● **Assigned task**:
All entries must be repeated exactly; do not include the pictures.

● **Task material**:
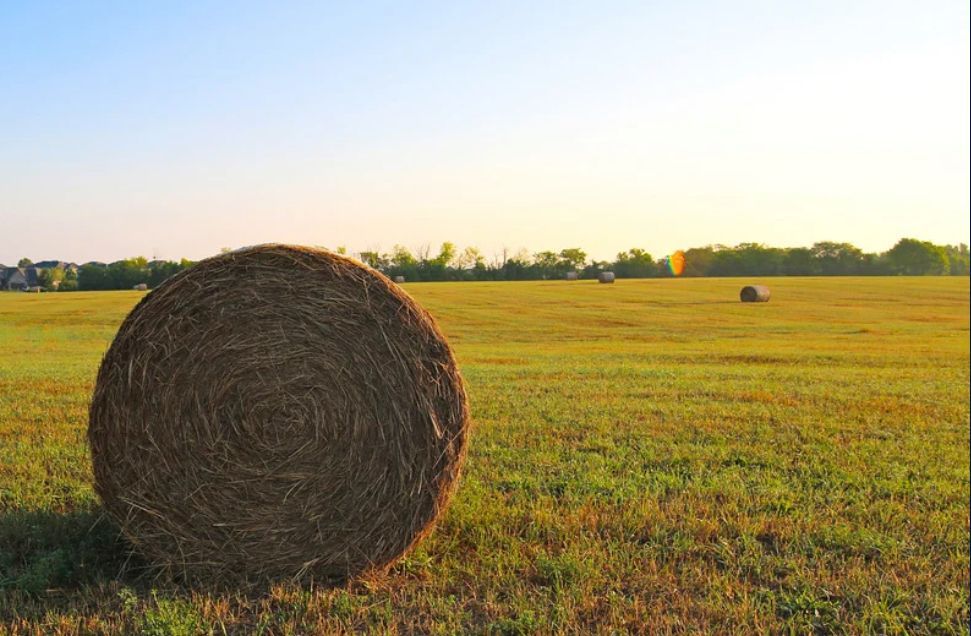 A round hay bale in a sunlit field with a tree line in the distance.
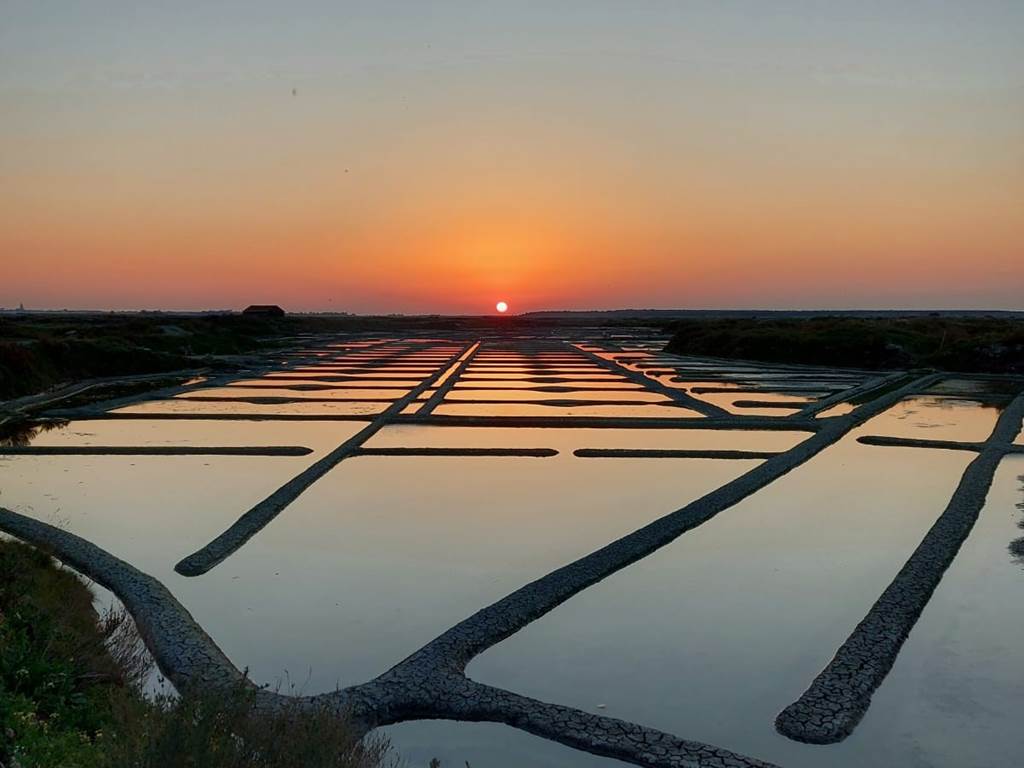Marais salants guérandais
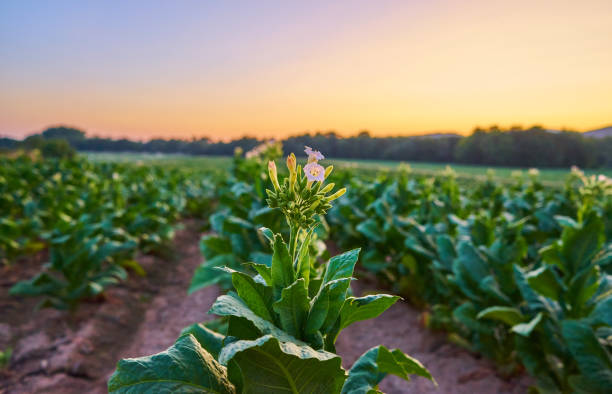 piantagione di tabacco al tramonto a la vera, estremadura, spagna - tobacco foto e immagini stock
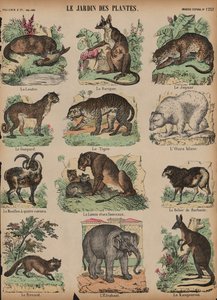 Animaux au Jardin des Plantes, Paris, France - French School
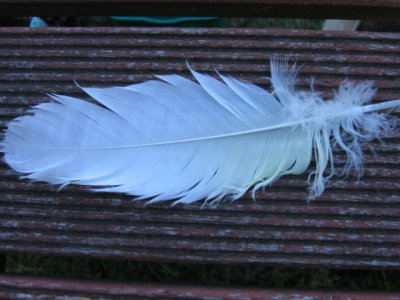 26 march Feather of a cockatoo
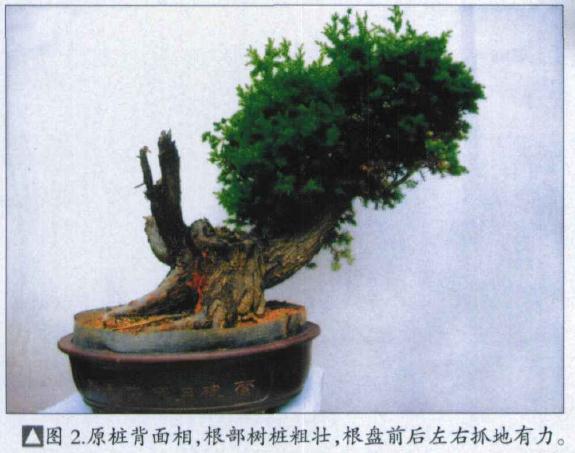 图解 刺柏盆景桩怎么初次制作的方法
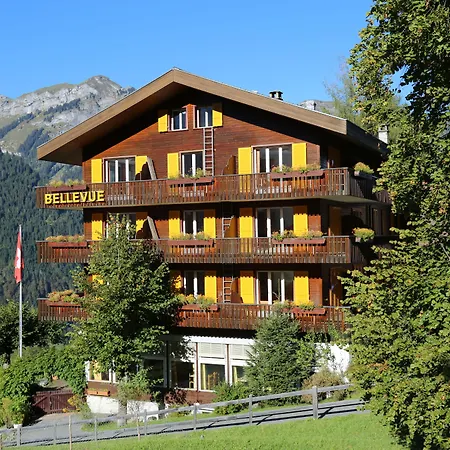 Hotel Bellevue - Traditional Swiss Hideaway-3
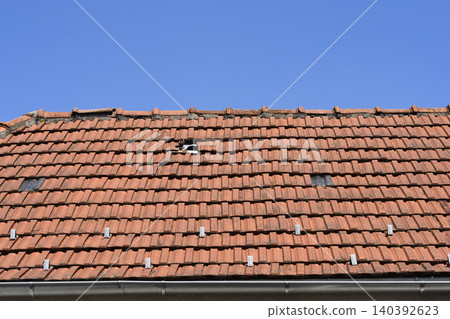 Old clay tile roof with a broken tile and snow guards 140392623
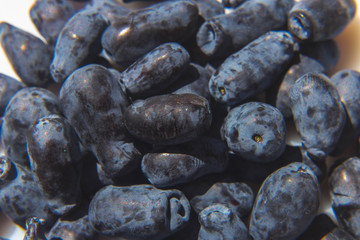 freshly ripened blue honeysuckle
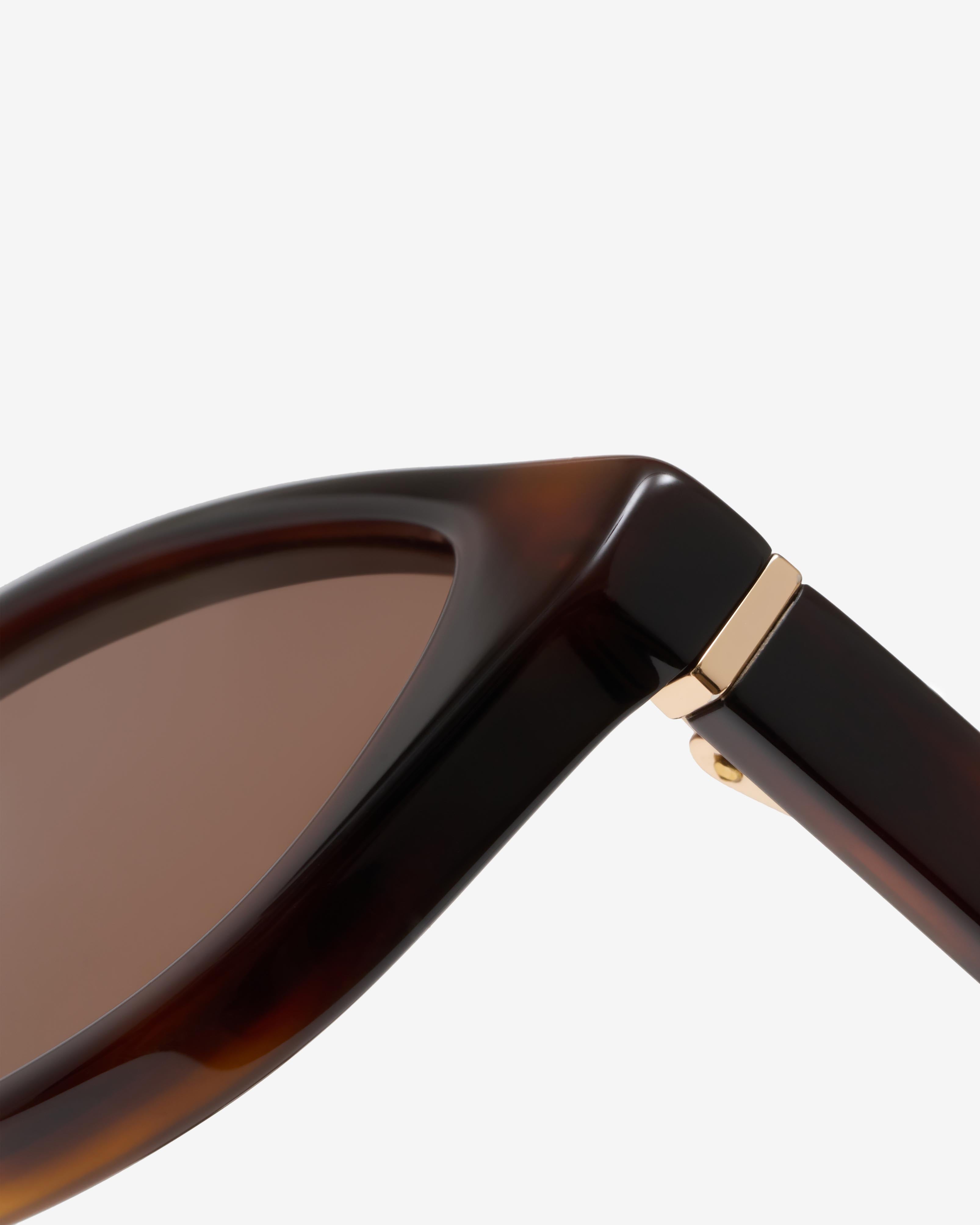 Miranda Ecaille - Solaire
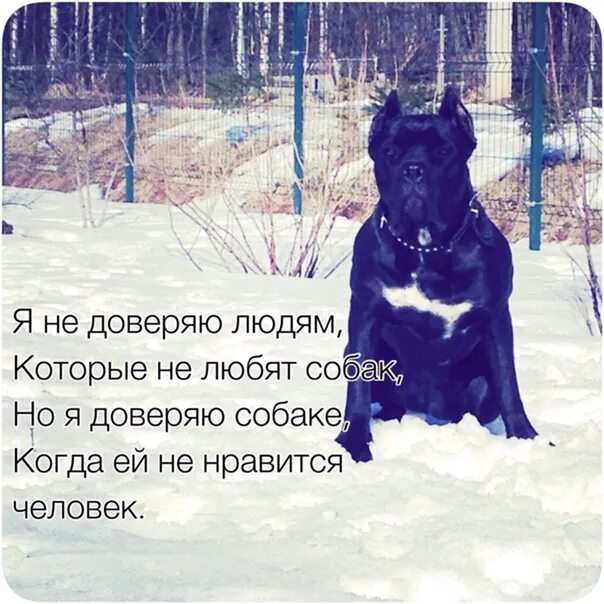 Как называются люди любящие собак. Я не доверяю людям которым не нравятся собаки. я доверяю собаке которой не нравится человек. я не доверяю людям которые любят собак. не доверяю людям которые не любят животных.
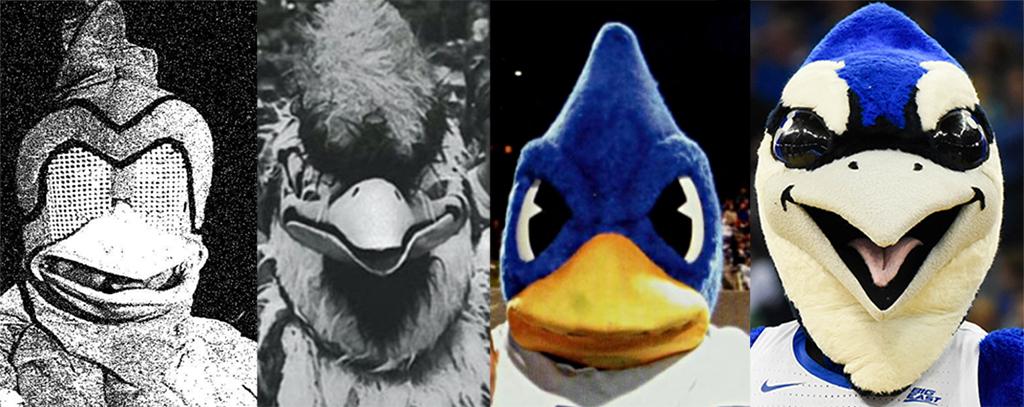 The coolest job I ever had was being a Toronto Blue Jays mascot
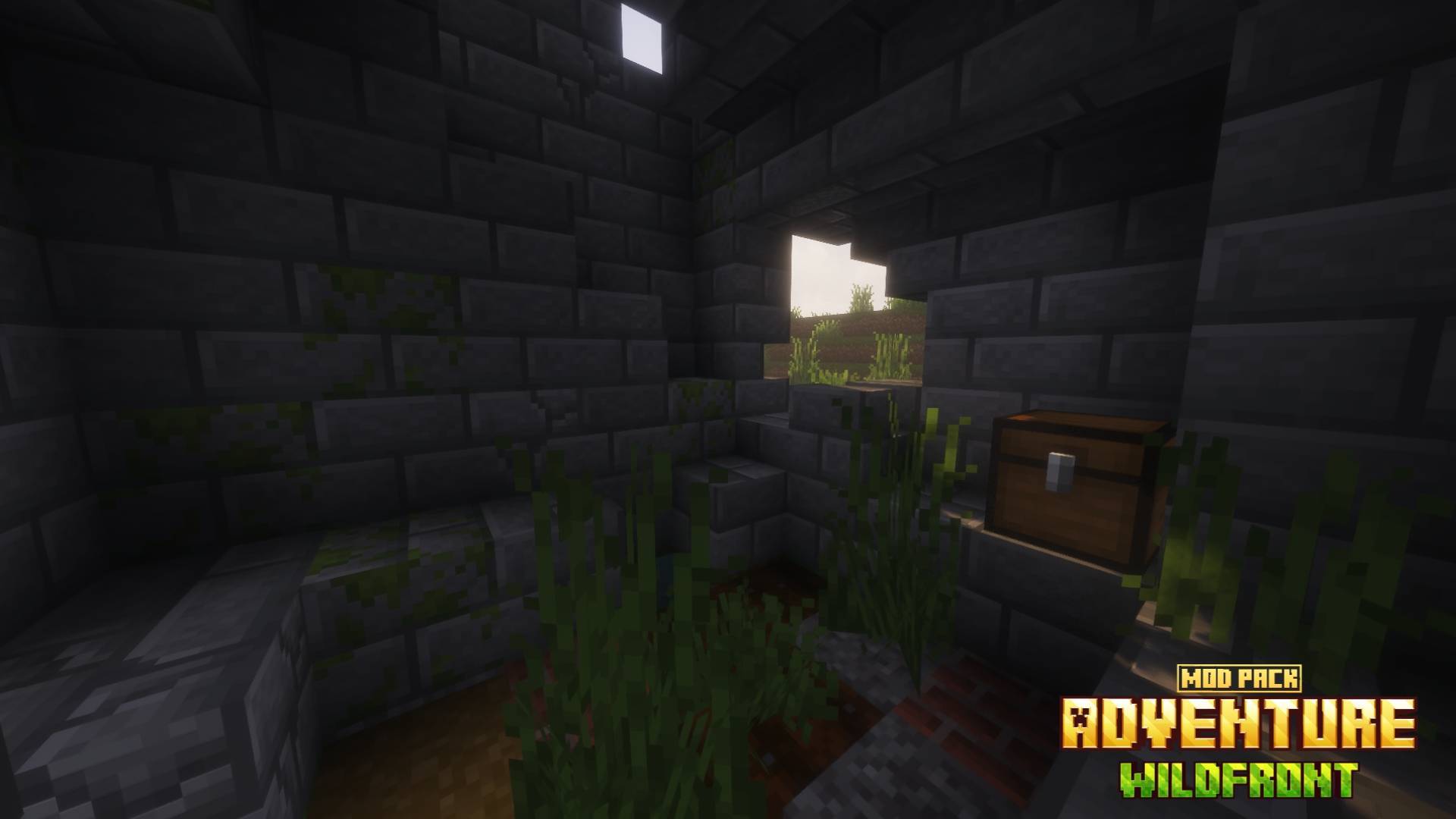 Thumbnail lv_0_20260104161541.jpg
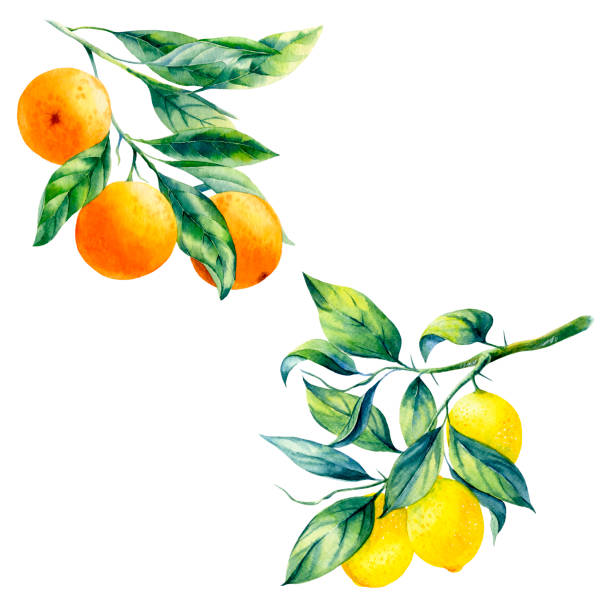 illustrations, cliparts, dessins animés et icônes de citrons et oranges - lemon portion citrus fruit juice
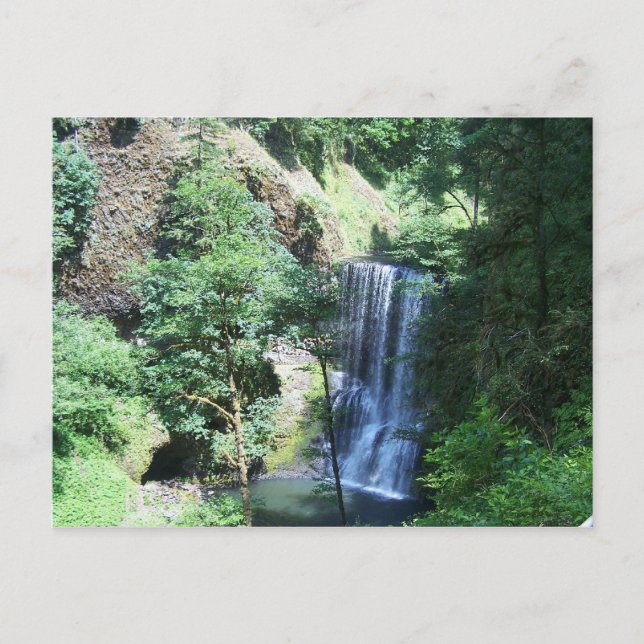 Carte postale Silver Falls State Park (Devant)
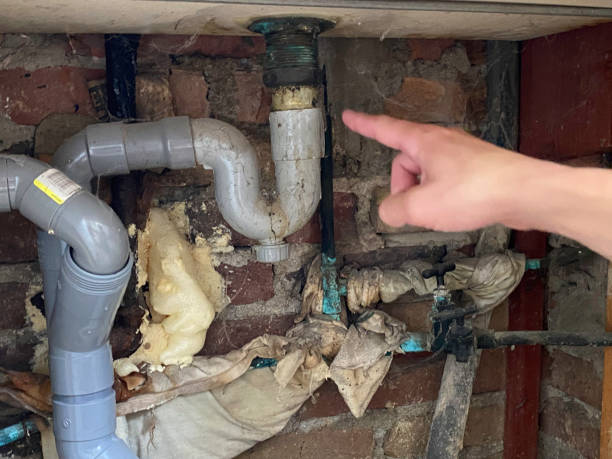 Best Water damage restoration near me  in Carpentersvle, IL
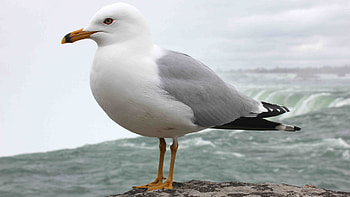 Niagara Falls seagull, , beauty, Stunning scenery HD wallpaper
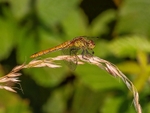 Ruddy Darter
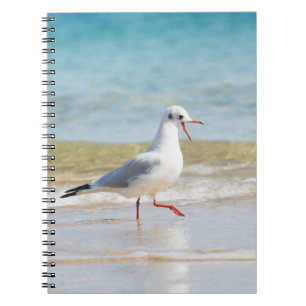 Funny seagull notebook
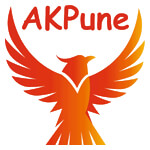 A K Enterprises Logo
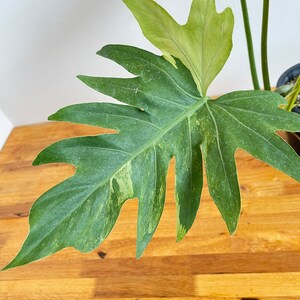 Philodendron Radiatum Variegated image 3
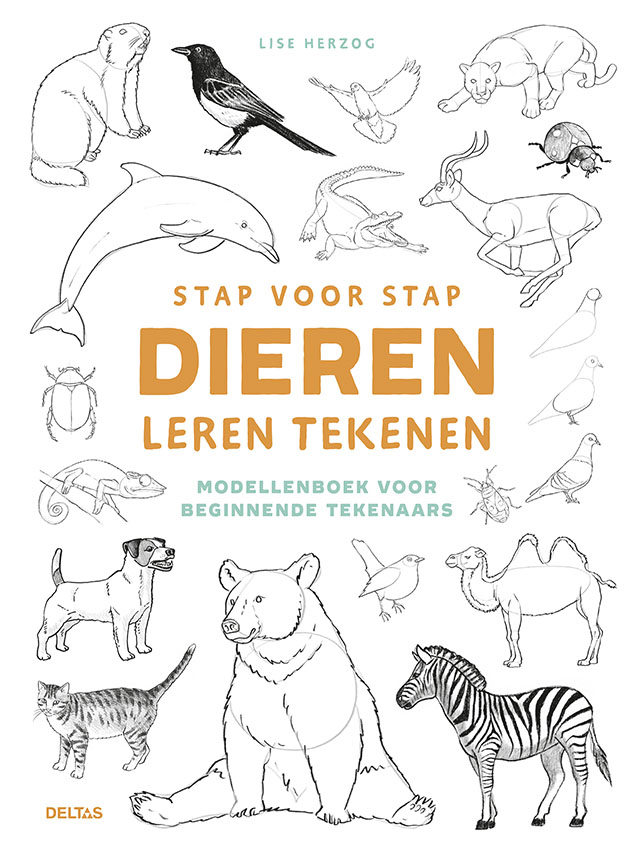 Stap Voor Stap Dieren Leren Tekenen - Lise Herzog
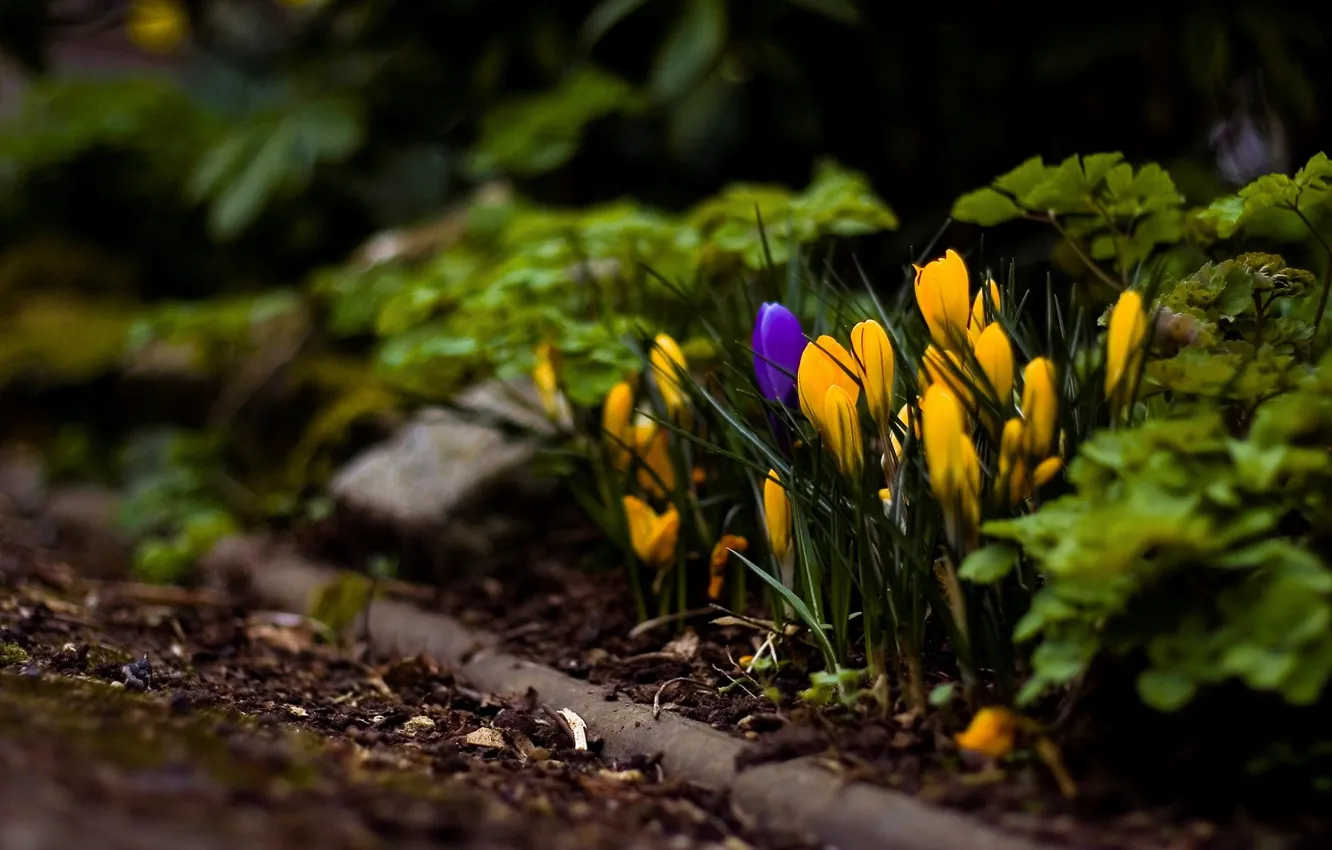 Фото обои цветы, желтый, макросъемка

● **Task answer**:
 A round hay bale in a sunlit field with a tree line in the distance.
Marais salants guérandais
 piantagione di tabacco al tramonto a la vera, estremadura, spagna - tobacco foto e immagini stock
 Animaux au Jardin des Plantes, Paris, France - French School
 26 march Feather of a cockatoo
 图解 刺柏盆景桩怎么初次制作的方法
 Hotel Bellevue - Traditional Swiss Hideaway-3
 Old clay tile roof with a broken tile and snow guards 140392623
 freshly ripened blue honeysuckle
 Miranda Ecaille - Solaire
 Как называются люди любящие собак. Я не доверяю людям которым не нравятся собаки. я доверяю собаке которой не нравится человек. я не доверяю людям которые любят собак. не доверяю людям которые не любят животных.
 The coolest job I ever had was being a Toronto Blue Jays mascot
 Thumbnail lv_0_20260104161541.jpg
 illustrations, cliparts, dessins animés et icônes de citrons et oranges - lemon portion citrus fruit juice
 Carte postale Silver Falls State Park (Devant)
 Best Water damage restoration near me  in Carpentersvle, IL
 Niagara Falls seagull, , beauty, Stunning scenery HD wallpaper
 Ruddy Darter
 Funny seagull notebook
 A K Enterprises Logo
 Philodendron Radiatum Variegated image 3
 Stap Voor Stap Dieren Leren Tekenen - Lise Herzog
 Фото обои цветы, желтый, макросъемка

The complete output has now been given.